Task details: Copy every record below exactly.

* * * * * * * * *

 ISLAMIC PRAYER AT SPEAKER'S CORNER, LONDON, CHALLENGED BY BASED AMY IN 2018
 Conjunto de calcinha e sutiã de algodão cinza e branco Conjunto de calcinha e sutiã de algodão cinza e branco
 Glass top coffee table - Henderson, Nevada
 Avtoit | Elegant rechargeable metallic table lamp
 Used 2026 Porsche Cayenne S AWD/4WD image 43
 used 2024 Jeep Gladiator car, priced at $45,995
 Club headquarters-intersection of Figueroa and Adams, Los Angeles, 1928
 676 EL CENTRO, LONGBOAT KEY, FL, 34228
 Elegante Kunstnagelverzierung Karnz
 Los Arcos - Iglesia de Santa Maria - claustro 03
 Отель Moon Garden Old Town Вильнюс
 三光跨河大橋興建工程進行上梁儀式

* * * * * * * * *

Answer to this task:
 ISLAMIC PRAYER AT SPEAKER'S CORNER, LONDON, CHALLENGED BY BASED AMY IN 2018
 Conjunto de calcinha e sutiã de algodão cinza e branco Conjunto de calcinha e sutiã de algodão cinza e branco
 Glass top coffee table - Henderson, Nevada
 Avtoit | Elegant rechargeable metallic table lamp
 Used 2026 Porsche Cayenne S AWD/4WD image 43
 used 2024 Jeep Gladiator car, priced at $45,995
 Club headquarters-intersection of Figueroa and Adams, Los Angeles, 1928
 676 EL CENTRO, LONGBOAT KEY, FL, 34228
 Elegante Kunstnagelverzierung Karnz
 Los Arcos - Iglesia de Santa Maria - claustro 03
 Отель Moon Garden Old Town Вильнюс
 三光跨河大橋興建工程進行上梁儀式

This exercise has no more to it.